= Vicente Asencio =

Spanish composer

Vicente Asencio y Ruano (29 October 1908 – 4 April 1979) was a Spanish composer. He is perhaps best known for his works for guitar of which guitarists Andrés Segovia and Narciso Yepes were notable exponents.

==Life==
Born in Valencia, Asencio began his musical training as a boy with his father. After studying violin in Castellón de la Plana with Emilio Bou, he moved to Barcelona to pursue studies at the Academia Frank Marshall with Frank Marshall and Enric Morera i Viura. He also studied privately in that city with Joaquín Turina and Ernesto Halffter. He also studied conducting in Paris and Milan.

Asencio began composing in the early 1920s, and his first major success was the ballet Fuego de Fiesta (1926).
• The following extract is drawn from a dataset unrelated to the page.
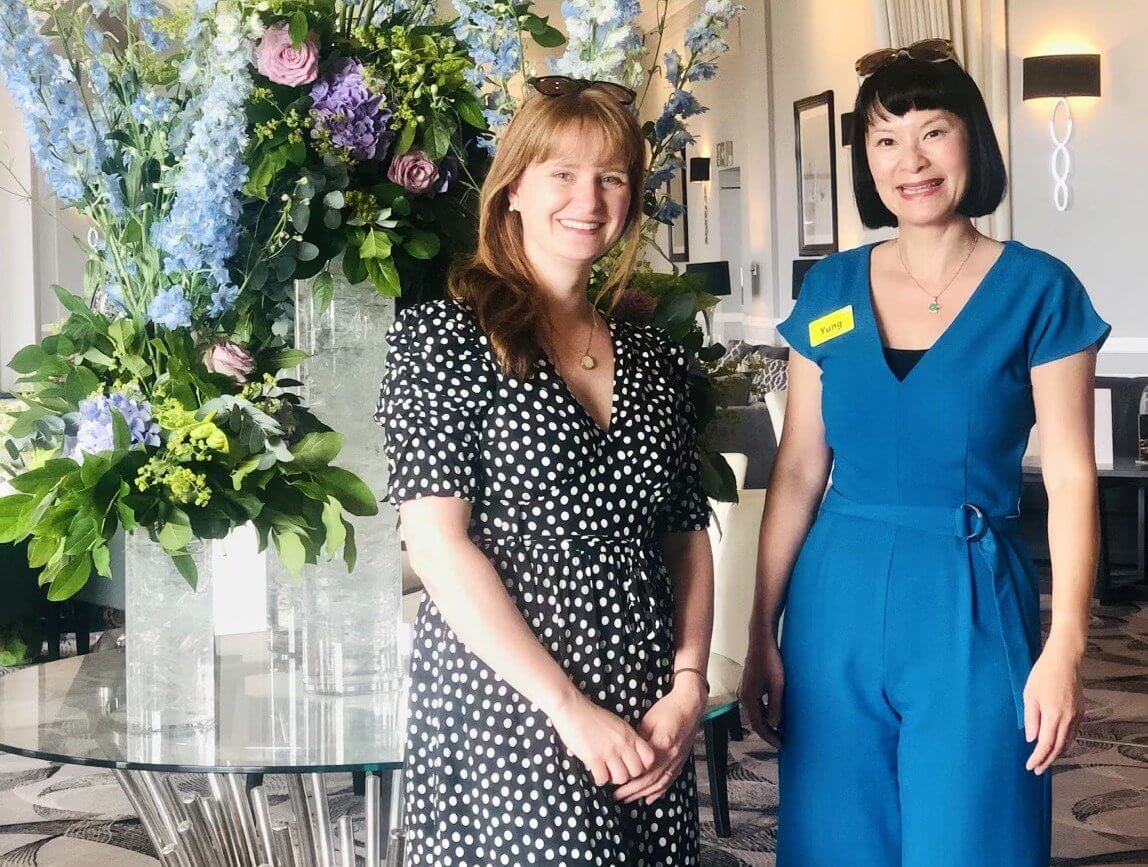 Pharmacist Yung Strawbridge standing with Abigail Wilson beside a large flower display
His earlier music displays an evident influence of the composer Manuel de Falla. In 1932 he founded the Conservatorio de Música de Castellón de la Plana with violinist Abel Mus. In 1934 he helped formed the Grupo de los Jóvenes, a group of talented young musicians in Valencia whose members also included Vicente Garcés and Ricardo Olmos among others.
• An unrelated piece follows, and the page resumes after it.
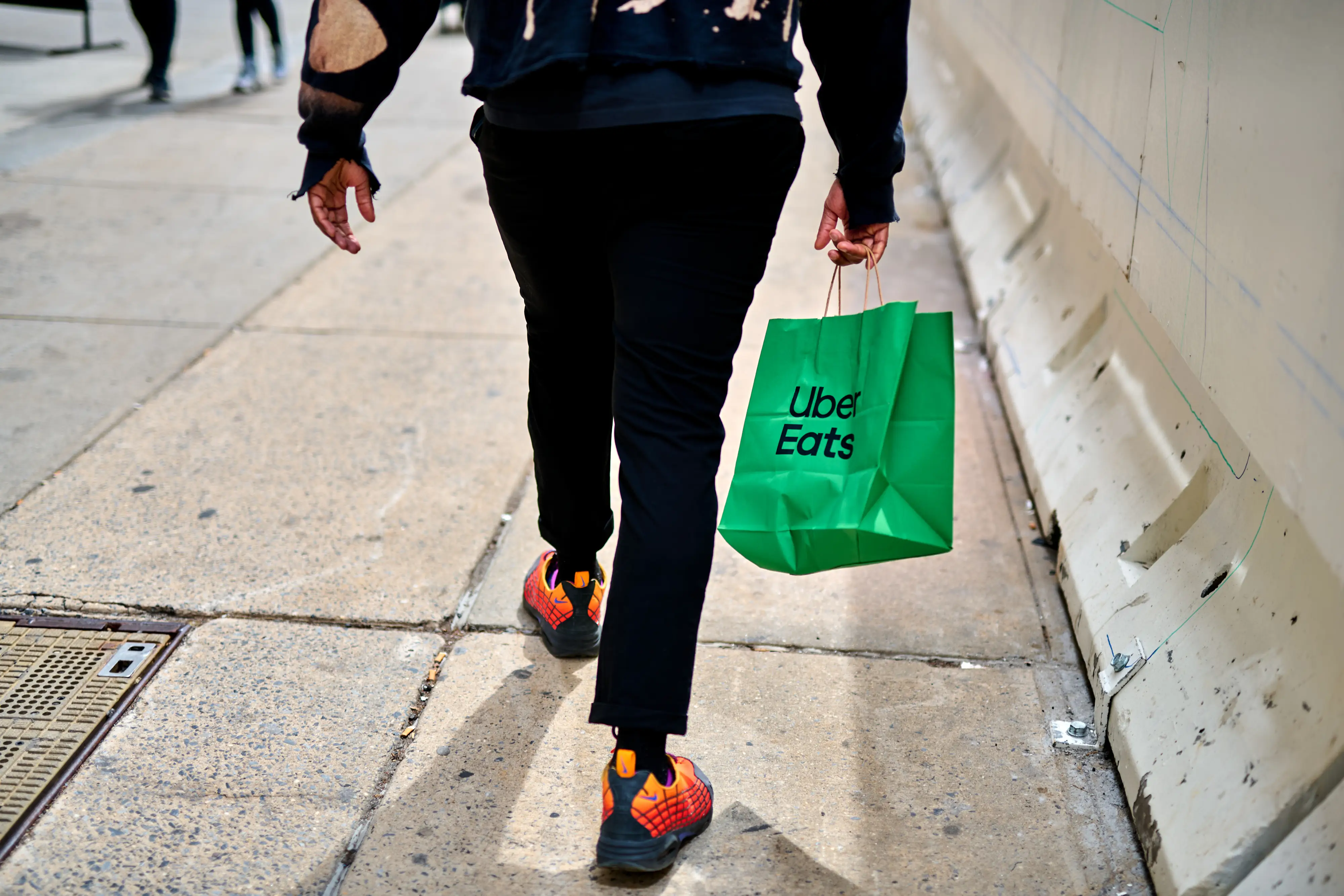 A person walks away from the camera carrying a green paper Uber Eats bag while wearing dark pants and red, yellow, and black sneakers.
In 1943 Asencio married one of his pupils, the composer and painter Matilde Salvador. They became one of the most influential artistic couples in the Valencia music scene. Asencio, who was technically better prepared than his wife, worked with her in orchestrating many of her works, including her opera Vinatea which premiered at the Liceu in 1974.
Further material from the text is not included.